Well done all winning team.... Question!!!

When you chose who your aliance was what was the criteria used in your thinking.
How would you describe your bot and what it did and how and what made you choose your aliance.
Photos of your bot and aliance would help teams who have not played yet.
Thanks.

Main criteria -

  1. Do they have an effective autonamous mode.
  2. Can they push a buttload of boxes into our area in the beginning.

We were not in the top 8, but we were making our list on Friday just in case we were seated. We decided that it was important to choose teams that:

have the ability to win a pushing match.
have the ability to climb the ramp.
have an autonomous mode that would mesh well with one of ours.
have professional/cooperative personalities.
have good control over their bot.

In retrospect, I would recommend considering teams who can limbo under the bar, and move quickly and accurately. 977 was a small simple bot. Those guys could go where they wanted to and if you knocked them out of the way, they quickly ran right back to where they wanted to be. Good job you guys (and girls (and machines)).

Eric

I think that the most important thing when you are picking is to know what your own robot is capable of doing. While this is always a good idea, its more important when picking.

Once you know that all you have to do is find a robot the compliments yours well.
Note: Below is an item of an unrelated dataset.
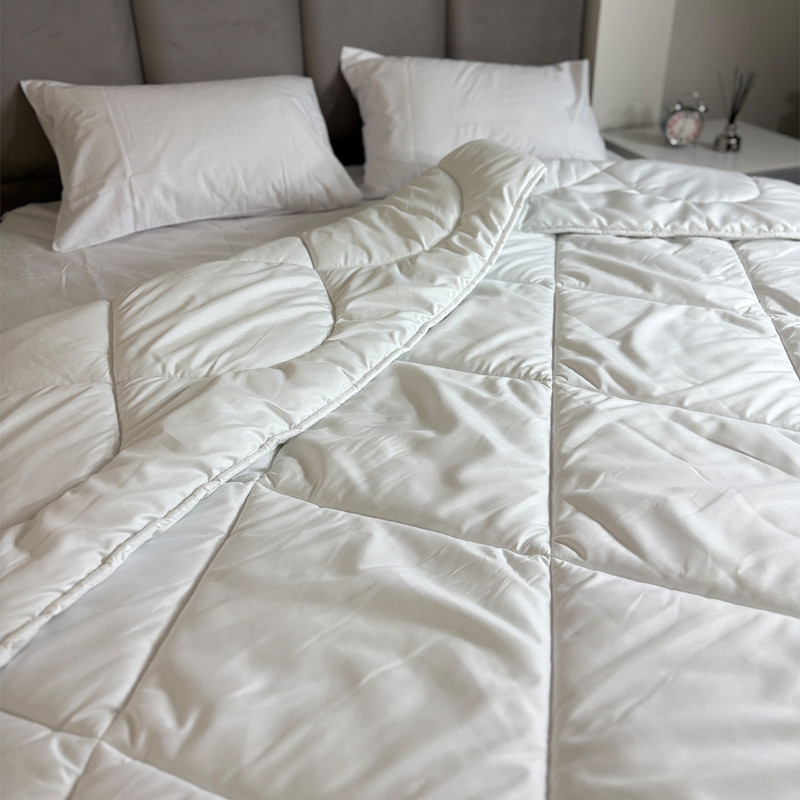 لحاف پرارین مدل لایت دونفره سایز 220x200 سانتی متر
If you can go under the bar and stack, odds are you don’t want two other robots in your alliance that can go under the bar and stack.

You probably want to pick a robot that can knock down the wall while you stack.

When you get to competition keep an eye out for pairings in qualifying that seem to work out well and choose accordingly

Well, I know for our team (since I helped judge this) was:
Driver control
How well it knocks down bins in autonomous mode
How well it knocks down bins in driver control
Can it stay on top of the hill
Pushing Power
Can it go under the bar
How well it can go after the stacks
on a scale of 1-5, one being the lowest, 5 being the best.
~Chris Poon

  1. were they able to not be flipped over
  2. autonomous mode
    3.strength

The biggest thing was how nice they were, some teams got crossed off right at the beginning because they weren’t easy to work with.

Second was how good the robot was and if it would compliment us well, we weren’t looking for stackers, but quick little robots, and if you look our finals pairing was three low riders, all with a secondary ability of stacking.

The two robots we picked complimented our AM and always came up the ramp right after us.